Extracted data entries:
----------
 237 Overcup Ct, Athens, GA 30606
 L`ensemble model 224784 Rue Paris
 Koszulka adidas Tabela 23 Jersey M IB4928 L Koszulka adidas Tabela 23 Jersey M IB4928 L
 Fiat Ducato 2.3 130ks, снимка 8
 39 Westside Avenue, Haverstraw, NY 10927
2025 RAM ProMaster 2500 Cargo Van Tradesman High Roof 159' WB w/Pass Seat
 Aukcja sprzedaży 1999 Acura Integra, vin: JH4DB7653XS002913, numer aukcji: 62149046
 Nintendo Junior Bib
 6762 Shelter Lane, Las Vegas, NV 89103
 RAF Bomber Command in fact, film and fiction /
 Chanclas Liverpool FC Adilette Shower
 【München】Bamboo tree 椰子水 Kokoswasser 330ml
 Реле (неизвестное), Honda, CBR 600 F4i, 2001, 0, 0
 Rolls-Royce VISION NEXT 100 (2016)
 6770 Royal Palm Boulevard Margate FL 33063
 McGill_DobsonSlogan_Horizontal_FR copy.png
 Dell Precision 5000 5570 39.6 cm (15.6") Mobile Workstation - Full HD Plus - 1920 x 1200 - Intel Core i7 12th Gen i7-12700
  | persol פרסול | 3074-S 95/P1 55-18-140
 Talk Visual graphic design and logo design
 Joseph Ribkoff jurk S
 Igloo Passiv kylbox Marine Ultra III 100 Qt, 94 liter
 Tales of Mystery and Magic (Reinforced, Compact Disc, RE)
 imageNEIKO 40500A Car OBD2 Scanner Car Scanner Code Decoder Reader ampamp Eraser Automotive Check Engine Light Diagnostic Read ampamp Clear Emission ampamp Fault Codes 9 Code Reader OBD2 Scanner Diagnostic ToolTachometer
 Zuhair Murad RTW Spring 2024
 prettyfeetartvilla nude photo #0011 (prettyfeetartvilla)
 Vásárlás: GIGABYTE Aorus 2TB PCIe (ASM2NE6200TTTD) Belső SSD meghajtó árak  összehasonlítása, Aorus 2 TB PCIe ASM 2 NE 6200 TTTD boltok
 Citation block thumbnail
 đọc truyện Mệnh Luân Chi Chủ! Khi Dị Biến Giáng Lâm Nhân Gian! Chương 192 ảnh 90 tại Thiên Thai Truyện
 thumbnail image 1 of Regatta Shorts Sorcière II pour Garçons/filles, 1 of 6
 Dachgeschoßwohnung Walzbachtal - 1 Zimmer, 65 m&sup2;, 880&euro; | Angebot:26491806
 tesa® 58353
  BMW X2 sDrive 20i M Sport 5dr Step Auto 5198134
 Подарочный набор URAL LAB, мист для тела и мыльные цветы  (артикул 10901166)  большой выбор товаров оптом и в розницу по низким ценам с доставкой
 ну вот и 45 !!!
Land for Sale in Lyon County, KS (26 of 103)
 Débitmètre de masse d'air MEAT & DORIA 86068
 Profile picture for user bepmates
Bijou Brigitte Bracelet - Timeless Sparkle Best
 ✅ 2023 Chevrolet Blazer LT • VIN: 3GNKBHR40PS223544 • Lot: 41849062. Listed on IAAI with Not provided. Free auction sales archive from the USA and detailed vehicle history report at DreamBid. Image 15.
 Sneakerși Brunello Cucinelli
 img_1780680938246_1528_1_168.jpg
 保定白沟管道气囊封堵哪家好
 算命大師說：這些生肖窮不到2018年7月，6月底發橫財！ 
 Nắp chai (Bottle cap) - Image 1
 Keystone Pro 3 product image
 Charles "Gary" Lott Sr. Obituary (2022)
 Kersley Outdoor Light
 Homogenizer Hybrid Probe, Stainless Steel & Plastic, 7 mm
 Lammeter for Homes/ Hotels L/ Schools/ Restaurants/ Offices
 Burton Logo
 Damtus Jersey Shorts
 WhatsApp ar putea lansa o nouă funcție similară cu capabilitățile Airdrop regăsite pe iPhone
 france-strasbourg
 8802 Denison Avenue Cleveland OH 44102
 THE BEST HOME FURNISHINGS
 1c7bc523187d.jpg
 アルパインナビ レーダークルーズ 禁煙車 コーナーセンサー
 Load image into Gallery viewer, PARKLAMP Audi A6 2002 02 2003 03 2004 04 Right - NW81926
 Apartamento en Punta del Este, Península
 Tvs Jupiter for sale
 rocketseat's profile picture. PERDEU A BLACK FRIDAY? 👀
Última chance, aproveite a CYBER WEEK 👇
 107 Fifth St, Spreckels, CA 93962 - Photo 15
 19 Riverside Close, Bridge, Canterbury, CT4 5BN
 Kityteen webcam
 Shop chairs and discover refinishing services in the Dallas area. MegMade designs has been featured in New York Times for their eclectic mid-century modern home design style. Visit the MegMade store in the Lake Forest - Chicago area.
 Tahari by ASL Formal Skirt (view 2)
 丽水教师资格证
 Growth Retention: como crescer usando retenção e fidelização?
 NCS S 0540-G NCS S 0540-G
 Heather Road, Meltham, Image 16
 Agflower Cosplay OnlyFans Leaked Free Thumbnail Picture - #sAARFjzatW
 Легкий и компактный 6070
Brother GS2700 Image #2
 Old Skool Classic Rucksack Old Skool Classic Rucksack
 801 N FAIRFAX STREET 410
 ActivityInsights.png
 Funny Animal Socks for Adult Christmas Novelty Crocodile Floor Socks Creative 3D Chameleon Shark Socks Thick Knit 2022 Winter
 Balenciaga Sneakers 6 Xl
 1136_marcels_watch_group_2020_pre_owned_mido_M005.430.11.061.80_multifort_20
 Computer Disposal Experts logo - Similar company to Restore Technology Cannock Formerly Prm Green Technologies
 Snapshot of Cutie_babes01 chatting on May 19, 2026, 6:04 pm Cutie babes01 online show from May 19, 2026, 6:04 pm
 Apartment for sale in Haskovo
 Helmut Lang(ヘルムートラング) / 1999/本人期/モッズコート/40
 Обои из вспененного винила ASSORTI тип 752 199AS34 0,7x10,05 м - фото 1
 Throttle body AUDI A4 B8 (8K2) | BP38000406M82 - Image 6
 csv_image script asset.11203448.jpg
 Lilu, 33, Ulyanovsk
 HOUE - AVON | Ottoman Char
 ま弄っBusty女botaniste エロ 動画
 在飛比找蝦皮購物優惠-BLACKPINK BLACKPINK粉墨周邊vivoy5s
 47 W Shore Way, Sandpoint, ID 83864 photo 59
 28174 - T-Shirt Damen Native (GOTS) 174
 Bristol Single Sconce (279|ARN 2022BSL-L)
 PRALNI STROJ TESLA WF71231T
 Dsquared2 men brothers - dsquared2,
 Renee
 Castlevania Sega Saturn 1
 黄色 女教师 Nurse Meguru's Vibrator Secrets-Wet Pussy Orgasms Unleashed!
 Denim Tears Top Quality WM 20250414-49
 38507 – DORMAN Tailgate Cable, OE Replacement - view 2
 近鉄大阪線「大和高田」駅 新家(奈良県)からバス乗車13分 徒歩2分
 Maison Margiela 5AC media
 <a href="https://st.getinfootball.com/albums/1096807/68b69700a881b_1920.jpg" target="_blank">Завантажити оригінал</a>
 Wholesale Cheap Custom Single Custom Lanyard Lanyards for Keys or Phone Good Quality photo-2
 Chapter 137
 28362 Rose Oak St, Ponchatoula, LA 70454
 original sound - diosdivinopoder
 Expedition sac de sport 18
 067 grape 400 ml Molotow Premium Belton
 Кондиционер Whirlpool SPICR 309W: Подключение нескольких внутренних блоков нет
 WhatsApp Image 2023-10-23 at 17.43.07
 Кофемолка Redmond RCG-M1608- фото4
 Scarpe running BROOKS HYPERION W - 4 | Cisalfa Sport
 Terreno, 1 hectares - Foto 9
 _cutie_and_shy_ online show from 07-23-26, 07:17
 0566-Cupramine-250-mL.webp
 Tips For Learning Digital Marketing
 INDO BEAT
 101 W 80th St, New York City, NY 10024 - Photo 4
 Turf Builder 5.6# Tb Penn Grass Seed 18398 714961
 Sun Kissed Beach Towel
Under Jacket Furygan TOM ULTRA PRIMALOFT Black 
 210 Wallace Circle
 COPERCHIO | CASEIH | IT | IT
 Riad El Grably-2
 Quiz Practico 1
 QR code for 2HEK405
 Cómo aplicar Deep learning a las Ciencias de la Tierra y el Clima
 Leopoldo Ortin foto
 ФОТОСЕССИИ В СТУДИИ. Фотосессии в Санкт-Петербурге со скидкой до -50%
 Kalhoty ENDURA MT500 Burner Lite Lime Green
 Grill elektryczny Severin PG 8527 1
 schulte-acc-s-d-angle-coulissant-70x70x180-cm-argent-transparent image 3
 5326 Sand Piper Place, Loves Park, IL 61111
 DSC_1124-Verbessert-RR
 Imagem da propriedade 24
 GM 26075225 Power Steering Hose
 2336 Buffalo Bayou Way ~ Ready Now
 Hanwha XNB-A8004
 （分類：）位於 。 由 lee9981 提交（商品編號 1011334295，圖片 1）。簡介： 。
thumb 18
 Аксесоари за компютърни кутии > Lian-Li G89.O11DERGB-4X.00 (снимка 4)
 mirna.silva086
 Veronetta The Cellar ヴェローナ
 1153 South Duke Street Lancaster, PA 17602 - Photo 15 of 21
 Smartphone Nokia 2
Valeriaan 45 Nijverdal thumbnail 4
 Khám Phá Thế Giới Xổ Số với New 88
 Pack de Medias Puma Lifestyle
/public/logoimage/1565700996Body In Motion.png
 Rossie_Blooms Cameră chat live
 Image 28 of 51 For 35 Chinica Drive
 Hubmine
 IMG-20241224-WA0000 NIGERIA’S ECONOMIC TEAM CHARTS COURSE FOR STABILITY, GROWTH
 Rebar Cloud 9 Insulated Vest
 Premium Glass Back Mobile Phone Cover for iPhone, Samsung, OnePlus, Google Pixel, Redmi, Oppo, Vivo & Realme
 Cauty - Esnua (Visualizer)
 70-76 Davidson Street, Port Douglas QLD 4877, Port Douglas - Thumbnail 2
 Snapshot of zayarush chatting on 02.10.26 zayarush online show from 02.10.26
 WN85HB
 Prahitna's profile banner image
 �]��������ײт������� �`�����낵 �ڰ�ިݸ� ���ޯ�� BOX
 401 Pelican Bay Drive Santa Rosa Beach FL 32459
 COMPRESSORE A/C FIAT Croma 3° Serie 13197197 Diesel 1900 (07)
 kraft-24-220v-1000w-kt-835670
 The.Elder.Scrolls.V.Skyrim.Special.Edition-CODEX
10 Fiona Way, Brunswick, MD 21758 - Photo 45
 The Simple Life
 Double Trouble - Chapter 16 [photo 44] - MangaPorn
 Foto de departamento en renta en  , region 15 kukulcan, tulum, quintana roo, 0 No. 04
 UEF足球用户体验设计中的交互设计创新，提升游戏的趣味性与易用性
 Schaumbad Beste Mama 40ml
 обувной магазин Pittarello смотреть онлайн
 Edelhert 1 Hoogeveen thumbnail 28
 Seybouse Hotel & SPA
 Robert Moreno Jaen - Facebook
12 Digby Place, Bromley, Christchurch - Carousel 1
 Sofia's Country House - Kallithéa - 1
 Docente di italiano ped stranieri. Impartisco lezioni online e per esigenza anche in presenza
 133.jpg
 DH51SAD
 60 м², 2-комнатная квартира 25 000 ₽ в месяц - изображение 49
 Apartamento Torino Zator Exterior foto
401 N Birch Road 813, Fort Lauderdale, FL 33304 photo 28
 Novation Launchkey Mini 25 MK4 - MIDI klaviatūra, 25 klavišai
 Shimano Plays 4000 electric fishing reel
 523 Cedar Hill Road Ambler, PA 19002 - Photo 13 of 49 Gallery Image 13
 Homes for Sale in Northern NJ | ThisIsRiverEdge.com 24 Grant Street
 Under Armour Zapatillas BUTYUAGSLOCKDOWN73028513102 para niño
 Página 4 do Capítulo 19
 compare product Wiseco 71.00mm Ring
----------
• _Problem details_
Check each line above for the word "Homes". Then state how many lines contain it, and nothing more.

• _Written response_
2